[[ Extracted entries open ]]

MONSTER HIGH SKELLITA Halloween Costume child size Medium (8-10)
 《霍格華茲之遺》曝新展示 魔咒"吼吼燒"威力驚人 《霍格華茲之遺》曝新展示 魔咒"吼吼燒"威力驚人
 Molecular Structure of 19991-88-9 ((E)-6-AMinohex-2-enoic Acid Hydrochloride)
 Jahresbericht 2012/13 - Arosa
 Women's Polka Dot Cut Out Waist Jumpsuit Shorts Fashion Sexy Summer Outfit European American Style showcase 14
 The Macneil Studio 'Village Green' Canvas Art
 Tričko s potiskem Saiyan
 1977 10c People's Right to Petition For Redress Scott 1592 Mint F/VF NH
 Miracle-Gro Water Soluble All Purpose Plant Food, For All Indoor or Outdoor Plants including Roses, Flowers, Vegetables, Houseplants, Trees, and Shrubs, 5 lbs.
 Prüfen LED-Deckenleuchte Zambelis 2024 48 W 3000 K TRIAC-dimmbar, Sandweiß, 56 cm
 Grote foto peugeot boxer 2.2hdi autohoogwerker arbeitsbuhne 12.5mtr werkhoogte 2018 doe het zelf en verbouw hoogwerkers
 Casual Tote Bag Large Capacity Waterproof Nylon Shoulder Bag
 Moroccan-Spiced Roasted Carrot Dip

[[ Extracted entries closed ]]

### [Problem]
Could you reproduce every record exactly as shown above?

### [Response area]
MONSTER HIGH SKELLITA Halloween Costume child size Medium (8-10)
 《霍格華茲之遺》曝新展示 魔咒"吼吼燒"威力驚人 《霍格華茲之遺》曝新展示 魔咒"吼吼燒"威力驚人
 Molecular Structure of 19991-88-9 ((E)-6-AMinohex-2-enoic Acid Hydrochloride)
 Jahresbericht 2012/13 - Arosa
 Women's Polka Dot Cut Out Waist Jumpsuit Shorts Fashion Sexy Summer Outfit European American Style showcase 14
 The Macneil Studio 'Village Green' Canvas Art
 Tričko s potiskem Saiyan
 1977 10c People's Right to Petition For Redress Scott 1592 Mint F/VF NH
 Miracle-Gro Water Soluble All Purpose Plant Food, For All Indoor or Outdoor Plants including Roses, Flowers, Vegetables, Houseplants, Trees, and Shrubs, 5 lbs.
 Prüfen LED-Deckenleuchte Zambelis 2024 48 W 3000 K TRIAC-dimmbar, Sandweiß, 56 cm
 Grote foto peugeot boxer 2.2hdi autohoogwerker arbeitsbuhne 12.5mtr werkhoogte 2018 doe het zelf en verbouw hoogwerkers
 Casual Tote Bag Large Capacity Waterproof Nylon Shoulder Bag
 Moroccan-Spiced Roasted Carrot Dip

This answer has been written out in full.